As much as ‘A Madras Merchant’s Life and Times’ is about the life of author K.R.N. Menon, it is also a rich description of the fascinating decades that the book traverses.
The autobiography, which begins with the author’s early life in Ceylon — described by historian S. Muthiah as ‘God’s own country’ — documents his times as an executive of Best & Co. which later became Best & Crompton, and delves into the mercantile scene of the early 1950s.
“It is for young people to read and get an idea of the way of life then, the sporting scene, the clubs, and how the foundation of the local economy was laid post-independence,” said Mr. Menon.

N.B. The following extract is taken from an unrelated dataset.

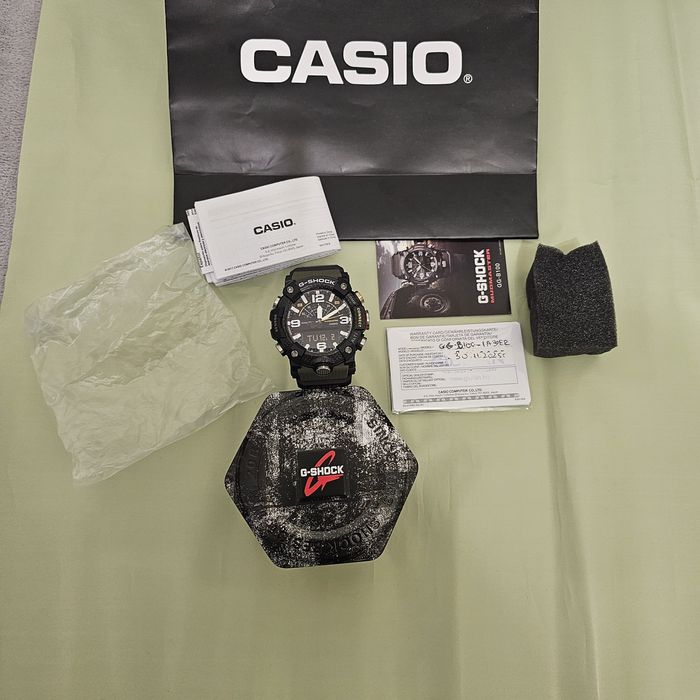 Часовник casio G-shock  GG- В 100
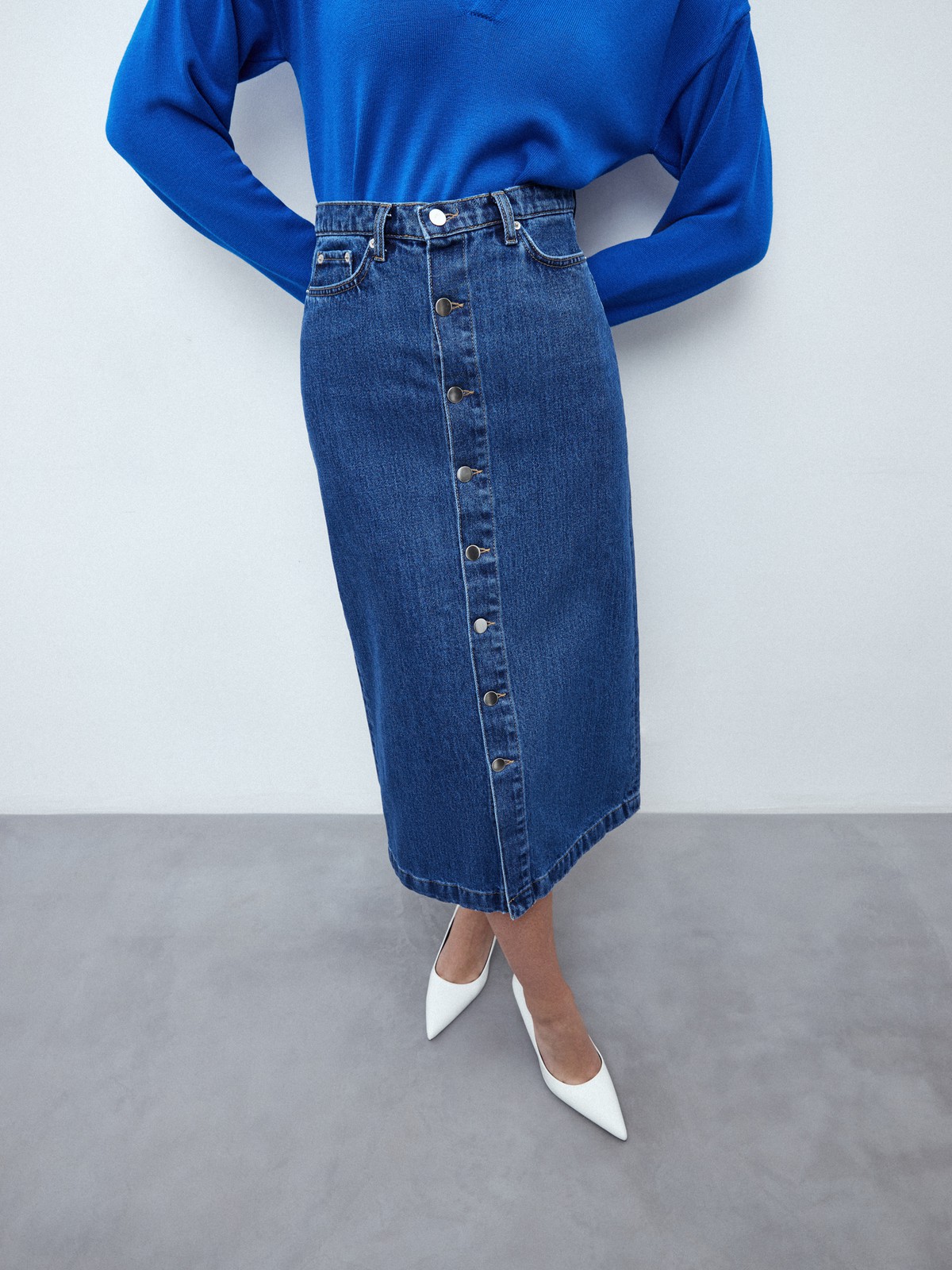 Джинсовая юбка миди, цвет: синий Allweneed
Юбка миди из денима с высокой посадкой. Прямой силуэт и застежка с пуговицами, чтобы играть с длиной. Пять карманов. Носите эту модель в разное время года: зимой с боди и водолазками, а летом с футболкой и топом.
На модели размер XS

All of 210 pages, the book rather than taking the usual path of heady nostalgia, is an attempt to document the decades, the stalwarts in the mercantile scene and the changing times, all in the absence of any records.

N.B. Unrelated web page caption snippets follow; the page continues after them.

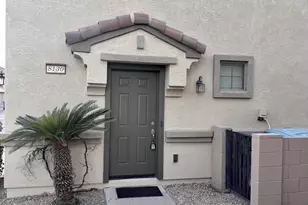 8130 W Groom Creek Rd, Phoenix, AZ 85043 - Photo 1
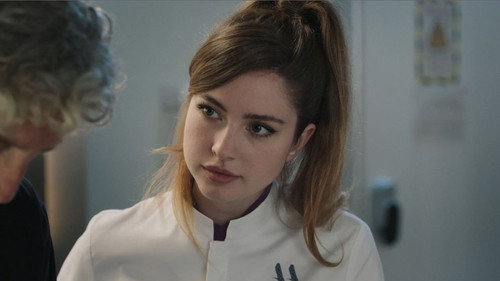 Episode 418 still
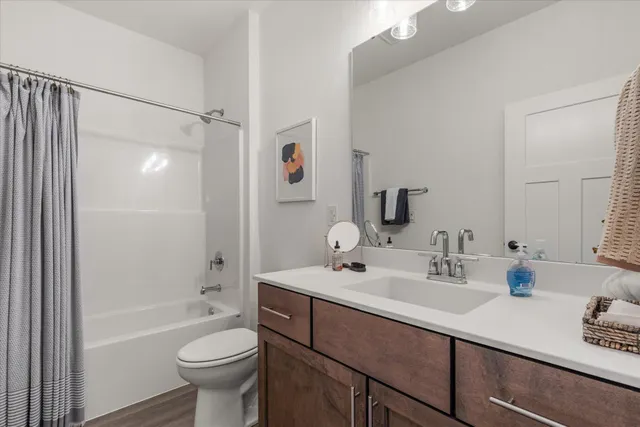 $531,900 | 2707 Mapleton Avenue, East Troy, WI 53120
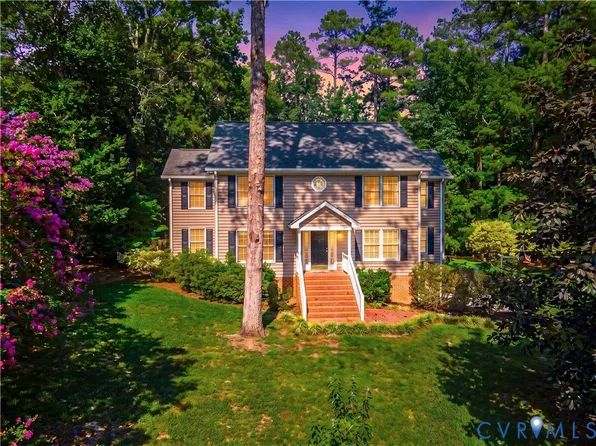 836 Forest Hill Dr, South Hill, VA 23970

It is in times like these, asserted Mr. Muthiah, that the concept of biography as history becomes relevant.
“Everyone over the age of 50 has a story to tell. The social, political and cultural milieu of the times are all part of the social history of the country and need to be individually documented, even if not published,” he said.
He narrated how his nephew once stumbled upon his grandfather’s old records in which everything from the accounts to the other details of the eight films he made were written down meticulously. Instead of destroying it, it was handed over to the Roja Muthiah Research Library, and years later, a research scholar used it as material to write about how films were funded in the 1920s and 30s.
This book in a way reflects the author’s mental fortitude for writing the autobiography purely on the strength of his memory.
“When the building of Best & Co was destroyed, nobody knew what happened to the records. During my early years in the company I have personally audited the hall where the records were kept, and I found the first cash book of the company which was established in 1879. Today, there is no trace of it,” he said, adding that it was difficult to write history that was authentic without records.
The proceeds of this book would go towards the Masonic and Heritage Buildings Trust.